The same three games were always featured:
- Phys-Quiz: The two players participated in a physical stunt lasting 60 seconds.
- 2 by 2: One of the players was given a subject, then given a choice of two subcategories for their partner to answer questions from.
- XL's Extra: The team that picked this was given a chance to win a bonus prize if they gave five answers to a question from a chosen subject. The players alternated giving answers, and the round ended if they got all five, took more than three seconds to answer, gave an incorrect answer, or repeated an answer.

===Round three===
This final round was played as a straight general knowledge quiz. This time, the children raced to light up five brains displayed in a line atop their podium. The first and second place players were given a head start while third place didn't get a headstart, with the leader receiving two free brains (and must give three correct answers) and the second place player get one (and must give four correct answers) while third place has no free brains (and must give five correct answers). If any of the scores were tied the children received the same amount of brains, corresponding with their place. As in the first round, Summers would read toss-up questions and the players would buzz in to answer. Unlike in the first round, players could interrupt the question, and if a player gave an incorrect answer, the other two could then buzz in and try to answer correctly. The first player to light up all five brains won the game, a $5,000 savings bond for their education (provided by Toys "R" Us), and advanced to the bonus round.

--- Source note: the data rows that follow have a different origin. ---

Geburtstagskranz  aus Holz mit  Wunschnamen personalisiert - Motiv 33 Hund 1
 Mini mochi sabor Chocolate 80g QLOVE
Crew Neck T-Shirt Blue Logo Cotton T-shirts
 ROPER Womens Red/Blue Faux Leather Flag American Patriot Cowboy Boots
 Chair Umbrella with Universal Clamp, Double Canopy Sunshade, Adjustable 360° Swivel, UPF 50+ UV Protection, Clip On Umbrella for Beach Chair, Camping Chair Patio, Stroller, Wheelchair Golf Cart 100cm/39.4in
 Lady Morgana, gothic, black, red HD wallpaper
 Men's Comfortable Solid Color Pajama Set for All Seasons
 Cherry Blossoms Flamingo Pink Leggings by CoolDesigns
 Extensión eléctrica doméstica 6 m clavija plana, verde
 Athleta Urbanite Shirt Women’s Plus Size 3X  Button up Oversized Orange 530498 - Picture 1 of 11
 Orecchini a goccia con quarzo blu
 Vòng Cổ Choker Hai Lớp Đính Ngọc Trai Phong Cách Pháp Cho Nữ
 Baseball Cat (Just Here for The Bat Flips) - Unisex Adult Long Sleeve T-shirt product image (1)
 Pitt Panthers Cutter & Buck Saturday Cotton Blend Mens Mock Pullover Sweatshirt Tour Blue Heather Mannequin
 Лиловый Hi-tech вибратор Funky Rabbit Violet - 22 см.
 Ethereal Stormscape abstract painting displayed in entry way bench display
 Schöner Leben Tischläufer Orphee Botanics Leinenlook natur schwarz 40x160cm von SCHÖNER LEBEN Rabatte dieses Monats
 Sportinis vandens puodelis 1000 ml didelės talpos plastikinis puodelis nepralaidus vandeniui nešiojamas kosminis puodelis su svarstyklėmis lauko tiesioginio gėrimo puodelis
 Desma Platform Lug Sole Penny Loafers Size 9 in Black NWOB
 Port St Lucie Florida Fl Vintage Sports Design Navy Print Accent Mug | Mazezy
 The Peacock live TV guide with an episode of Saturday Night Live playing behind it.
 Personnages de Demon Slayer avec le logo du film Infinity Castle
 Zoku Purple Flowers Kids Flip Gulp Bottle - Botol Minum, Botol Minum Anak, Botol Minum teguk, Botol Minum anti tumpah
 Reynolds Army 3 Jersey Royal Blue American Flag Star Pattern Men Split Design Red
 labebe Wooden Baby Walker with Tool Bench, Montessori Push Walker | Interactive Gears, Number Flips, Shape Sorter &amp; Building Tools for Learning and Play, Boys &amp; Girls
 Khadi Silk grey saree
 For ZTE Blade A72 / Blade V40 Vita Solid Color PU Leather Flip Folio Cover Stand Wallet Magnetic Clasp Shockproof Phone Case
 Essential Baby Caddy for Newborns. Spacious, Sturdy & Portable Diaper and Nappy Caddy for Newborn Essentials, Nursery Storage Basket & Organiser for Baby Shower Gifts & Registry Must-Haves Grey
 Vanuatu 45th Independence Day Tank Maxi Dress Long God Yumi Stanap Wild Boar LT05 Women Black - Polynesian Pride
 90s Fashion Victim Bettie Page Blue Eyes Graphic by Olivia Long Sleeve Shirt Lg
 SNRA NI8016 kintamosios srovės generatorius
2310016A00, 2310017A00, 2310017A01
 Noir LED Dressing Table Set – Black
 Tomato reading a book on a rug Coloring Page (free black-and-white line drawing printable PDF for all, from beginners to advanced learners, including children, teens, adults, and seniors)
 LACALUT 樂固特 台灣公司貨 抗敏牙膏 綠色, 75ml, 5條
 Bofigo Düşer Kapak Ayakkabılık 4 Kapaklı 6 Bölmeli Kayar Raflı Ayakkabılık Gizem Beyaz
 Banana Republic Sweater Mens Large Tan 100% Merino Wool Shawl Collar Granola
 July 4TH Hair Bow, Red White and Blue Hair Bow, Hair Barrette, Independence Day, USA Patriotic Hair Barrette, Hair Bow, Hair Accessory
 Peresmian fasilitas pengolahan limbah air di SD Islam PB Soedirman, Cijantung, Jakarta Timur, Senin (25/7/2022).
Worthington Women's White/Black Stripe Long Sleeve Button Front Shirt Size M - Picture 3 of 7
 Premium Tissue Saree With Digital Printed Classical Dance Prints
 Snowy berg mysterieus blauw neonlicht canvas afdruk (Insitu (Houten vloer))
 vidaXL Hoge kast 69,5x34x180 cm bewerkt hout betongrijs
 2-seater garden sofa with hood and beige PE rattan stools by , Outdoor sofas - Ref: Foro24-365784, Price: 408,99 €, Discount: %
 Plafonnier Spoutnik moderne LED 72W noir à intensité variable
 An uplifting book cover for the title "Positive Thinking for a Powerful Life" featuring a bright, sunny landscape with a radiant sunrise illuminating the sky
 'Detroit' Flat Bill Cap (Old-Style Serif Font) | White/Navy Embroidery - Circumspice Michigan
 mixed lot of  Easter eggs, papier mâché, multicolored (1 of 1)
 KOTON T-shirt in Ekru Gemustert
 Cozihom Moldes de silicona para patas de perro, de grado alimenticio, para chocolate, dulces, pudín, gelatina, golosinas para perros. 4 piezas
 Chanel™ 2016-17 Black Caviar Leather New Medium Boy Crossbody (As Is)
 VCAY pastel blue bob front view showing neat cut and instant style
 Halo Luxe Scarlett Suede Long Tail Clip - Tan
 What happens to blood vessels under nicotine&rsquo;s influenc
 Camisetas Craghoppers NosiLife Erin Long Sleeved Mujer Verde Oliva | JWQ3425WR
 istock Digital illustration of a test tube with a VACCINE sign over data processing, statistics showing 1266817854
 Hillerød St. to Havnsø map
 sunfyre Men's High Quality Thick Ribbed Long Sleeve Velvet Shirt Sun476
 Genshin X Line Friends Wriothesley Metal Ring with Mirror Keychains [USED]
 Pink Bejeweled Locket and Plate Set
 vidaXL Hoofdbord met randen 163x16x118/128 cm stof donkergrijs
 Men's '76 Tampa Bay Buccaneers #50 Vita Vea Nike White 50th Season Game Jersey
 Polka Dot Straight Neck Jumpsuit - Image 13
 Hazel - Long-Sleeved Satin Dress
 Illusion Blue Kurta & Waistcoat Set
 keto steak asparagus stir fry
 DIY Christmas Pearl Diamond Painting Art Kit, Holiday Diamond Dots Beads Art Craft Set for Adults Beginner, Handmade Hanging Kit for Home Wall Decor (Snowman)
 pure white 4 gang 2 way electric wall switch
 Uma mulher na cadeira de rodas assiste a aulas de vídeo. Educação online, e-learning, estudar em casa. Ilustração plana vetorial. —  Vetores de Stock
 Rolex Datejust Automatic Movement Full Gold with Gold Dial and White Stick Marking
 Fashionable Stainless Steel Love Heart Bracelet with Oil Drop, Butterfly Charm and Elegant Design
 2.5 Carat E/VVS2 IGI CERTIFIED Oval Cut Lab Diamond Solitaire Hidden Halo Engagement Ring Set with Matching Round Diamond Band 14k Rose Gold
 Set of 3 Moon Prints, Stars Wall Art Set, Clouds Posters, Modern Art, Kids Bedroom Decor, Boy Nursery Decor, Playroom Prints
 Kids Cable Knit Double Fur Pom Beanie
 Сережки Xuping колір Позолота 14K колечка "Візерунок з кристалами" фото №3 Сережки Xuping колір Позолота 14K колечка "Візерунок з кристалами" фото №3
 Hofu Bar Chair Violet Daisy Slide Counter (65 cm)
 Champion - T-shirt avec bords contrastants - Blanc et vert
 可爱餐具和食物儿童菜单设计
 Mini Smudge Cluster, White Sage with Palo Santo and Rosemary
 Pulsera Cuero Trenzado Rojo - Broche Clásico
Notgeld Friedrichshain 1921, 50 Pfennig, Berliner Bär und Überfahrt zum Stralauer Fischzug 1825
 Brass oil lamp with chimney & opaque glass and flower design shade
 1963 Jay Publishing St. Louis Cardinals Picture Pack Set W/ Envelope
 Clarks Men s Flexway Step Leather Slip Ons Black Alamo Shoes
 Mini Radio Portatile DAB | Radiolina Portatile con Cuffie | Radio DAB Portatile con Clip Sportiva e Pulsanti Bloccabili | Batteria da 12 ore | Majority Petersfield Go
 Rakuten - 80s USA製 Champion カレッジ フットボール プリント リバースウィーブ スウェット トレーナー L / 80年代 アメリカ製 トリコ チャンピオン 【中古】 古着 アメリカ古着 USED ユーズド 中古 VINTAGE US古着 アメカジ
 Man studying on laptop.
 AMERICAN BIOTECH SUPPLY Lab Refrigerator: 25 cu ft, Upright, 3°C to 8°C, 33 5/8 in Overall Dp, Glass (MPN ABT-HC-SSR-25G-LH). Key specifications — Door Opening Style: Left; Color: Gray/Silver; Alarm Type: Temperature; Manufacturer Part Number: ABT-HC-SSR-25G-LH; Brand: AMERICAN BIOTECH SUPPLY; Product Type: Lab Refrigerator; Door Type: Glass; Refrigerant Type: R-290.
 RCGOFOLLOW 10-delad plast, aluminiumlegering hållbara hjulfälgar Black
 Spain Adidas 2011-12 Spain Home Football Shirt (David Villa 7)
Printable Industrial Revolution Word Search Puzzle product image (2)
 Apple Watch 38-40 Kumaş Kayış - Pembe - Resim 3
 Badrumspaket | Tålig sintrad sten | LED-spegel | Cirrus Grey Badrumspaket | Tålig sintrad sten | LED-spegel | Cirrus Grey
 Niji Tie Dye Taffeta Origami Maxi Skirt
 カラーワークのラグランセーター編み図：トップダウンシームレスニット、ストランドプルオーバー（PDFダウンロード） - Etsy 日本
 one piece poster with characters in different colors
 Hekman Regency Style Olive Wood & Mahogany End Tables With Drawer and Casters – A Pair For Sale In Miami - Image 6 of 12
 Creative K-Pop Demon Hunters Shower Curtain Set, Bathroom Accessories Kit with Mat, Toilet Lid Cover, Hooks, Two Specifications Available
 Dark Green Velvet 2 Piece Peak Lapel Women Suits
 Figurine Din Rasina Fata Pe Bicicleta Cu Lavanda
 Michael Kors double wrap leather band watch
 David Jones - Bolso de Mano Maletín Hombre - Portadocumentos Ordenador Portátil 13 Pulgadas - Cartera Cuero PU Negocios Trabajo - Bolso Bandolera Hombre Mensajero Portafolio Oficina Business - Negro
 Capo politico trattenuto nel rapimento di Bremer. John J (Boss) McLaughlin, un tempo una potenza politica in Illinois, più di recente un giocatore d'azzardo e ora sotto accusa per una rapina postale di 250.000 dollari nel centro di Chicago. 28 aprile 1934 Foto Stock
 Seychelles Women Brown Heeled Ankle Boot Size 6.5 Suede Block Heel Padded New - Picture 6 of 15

At the end of this round the children were each given a sweatshirt with the name/logo of a college or university they wished to attend when they got older.

===Bonus round===
The winning child was rejoined by their adult partner to play this round. 2-XL would display two prizes in his window and shuffle them around randomly. The child was given up to three tries to try and match one of them. One of the prizes was a trip of some sort, while the other was a smaller prize or $1,000. In order to pick a prize the child would hit one of 2-XL's four buttons, which locked the choice and place and couldn't be pressed again once it was hit. Whichever prize the child matched was the one they won.